Tiago Rodrigues, metteur en scène et acteur portugais né en 1977, dont la trajectoire théâtrale est passée par Anvers, où il a travaillé plusieurs années avec le groupe Tg Stan, a baptisé sa compagnie Mundo Perfeito. Antoine et Cléopâtre, le spectacle qu’il présente salle Benoît-XII, est en harmonie avec ce nom : il est rare de sortir d’un théâtre avec la sensation que ce qui est montré est la traduction parfaite du projet initial.
Il y a quatre ans, dans la même salle Benoît-XII, Pascal Rambert faisait un triomphe avec Clôture de l’amour, mise en scène en deux actes -ou plutôt deux rounds- d’une rupture amoureuse dévastatrice. C’est l’histoire d’un lien pas moins dévastateur que Tiago Rodrigues donne à entendre. Dans la pièce de Rambert, Stanislas Nordey et Audrey Bonnet fonçaient, à la suite de l’auteur, dans l’excès et la surenchère ; Sofia Dias et Vítor Roriz, les deux interprètes d’Antoine et Cléopâtre, opèrent aux antipodes, dans l’intériorisation et le dépouillement. Pour les spectateurs, la séduction est moins immédiate mais peut se révéler plus durable.
Pour écrire son Antoine et Cléopâtre, Tiago Rodrigues est parti de Shakespeare, et même, dit-il, de la traduction en français de Jean-Michel Déprats, dont il a retraduit plusieurs répliques en portugais. Mais de Shakespeare, il ne garde que les deux héros obsédés l’un par l’autre. Et son propre texte est influencé par d’autres sources, ainsi le film de Mankiewicz avec Elizabeth Taylor et Richard Burton. Mais aussi Plutarque, dont il cite ces mots qui sonnent comme une déclaration d’intentions : “À ce moment, Antoine montra qu’il n’usait pour diriger sa conduite ni du raisonnement d’un chef, ni de celui d’un homme, ni, en un mot, de son propre raisonnement, mais, illustrant le mot d’un auteur selon qui ‘l’âme d’un amant vit dans un corps étranger’, il fut entraîné par cette femme, comme s’il ne faisait qu’un avec elle et était obligé de suivre tous ses mouvements”.

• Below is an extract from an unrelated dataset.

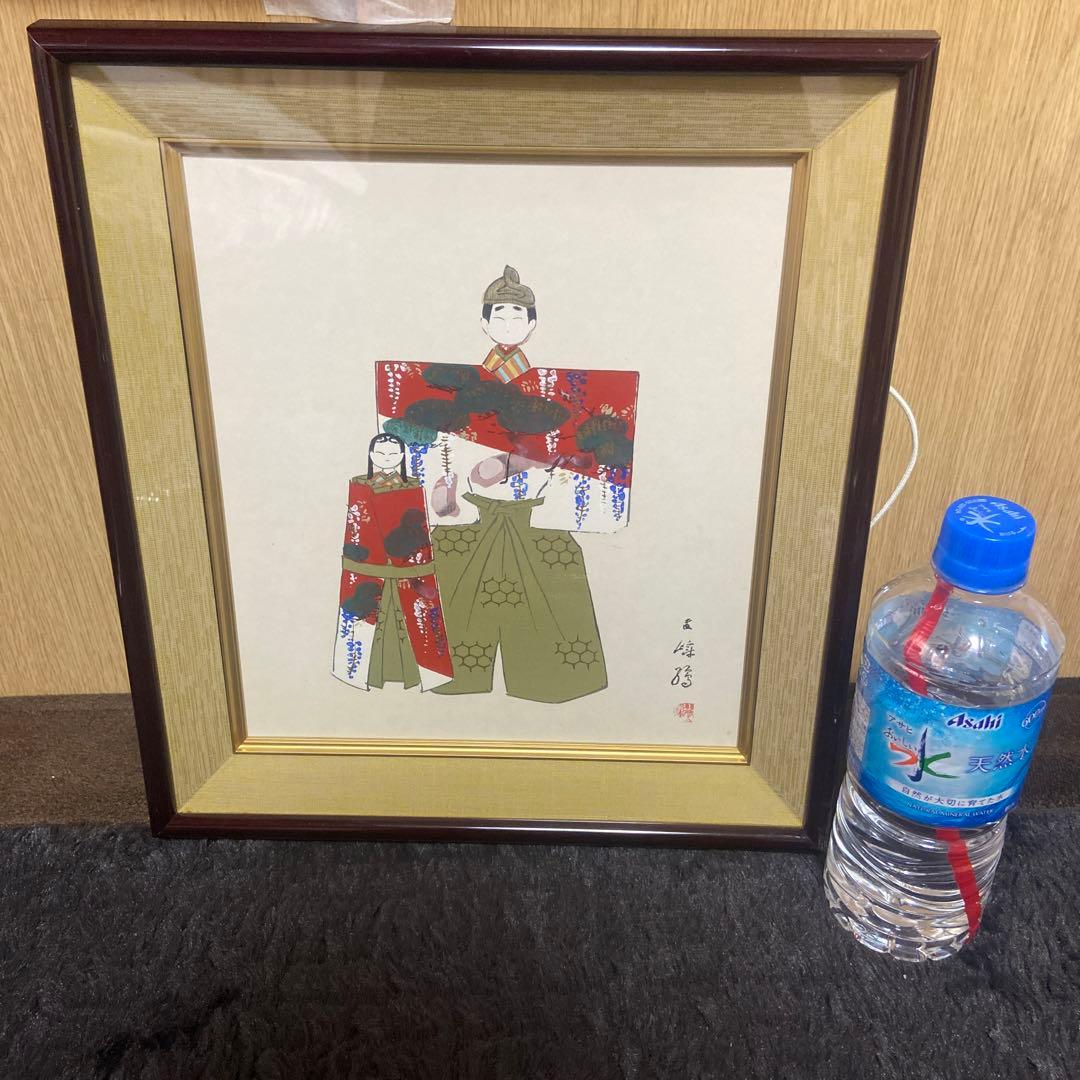 立ち雛　絵画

Faire vivre l’âme de l’un dans le corps de l’autre, c’est très exactement ce que réalisent sur scène Sofia Dias et Vítor Roriz, dans un récit presque entièrement à la troisième personne du singulier où “il” est “elle” et réciproquement. “Antoine expire, Cléopâtre expire, Antoine inspire, Cléopâtre inspire”. La phrase, qui compte plusieurs variantes (“Antoine expire, Cléopâtre inspire”, etc), est l’un des leitmotiv d’un texte où la répétition obessionnelle est affaire de musique autant que de sentiments, une pulsation sans fin où le “elle l’aime, dit-il” répond au “il l’aime, dit-elle”, jusqu’à épuisement. Danseurs tous les deux, Sofia Dias et Vítor Roriz ont une intelligence gestuelle à rebours de l’anecdote et de l’illustration. Ils ne se touchent pas, laissent les mouvements en suspens, suggèrent, comme si seule la douceur des corps pouvait rendre compte de la violence qui les habite. Et le ventre arrondi de Sofia Dias, enceinte de plusieurs mois, donne bien la mesure du paradoxe : elle semble encore plus légère. À l’image d’un spectacle dont la tension et l’harmonie sidèrent.
René Solis
Antoine et Cléopâtre, mise en scène de Tiago Rodrigues, Festival d’Avignon, jusqu’au 18 juillet 2015 à 18h à la salle Benoît-XII. Spectacle en portugais surtitré en français (surtitrage: Rita Mendes).
Rencontre avec Tiago Rodrigues le 15 juillet 2015 à 17h30 au site Louis Pasteur de l’Université d’Avignon et des Pays de Vaucluse (entrée libre).
[Mise à jour de l’article :]
Le spectacle Antoine et Cléopâtre sera à nouveau programmé au Théâtre de la Bastille (Paris) du 14 septembre au 8 octobre 2016.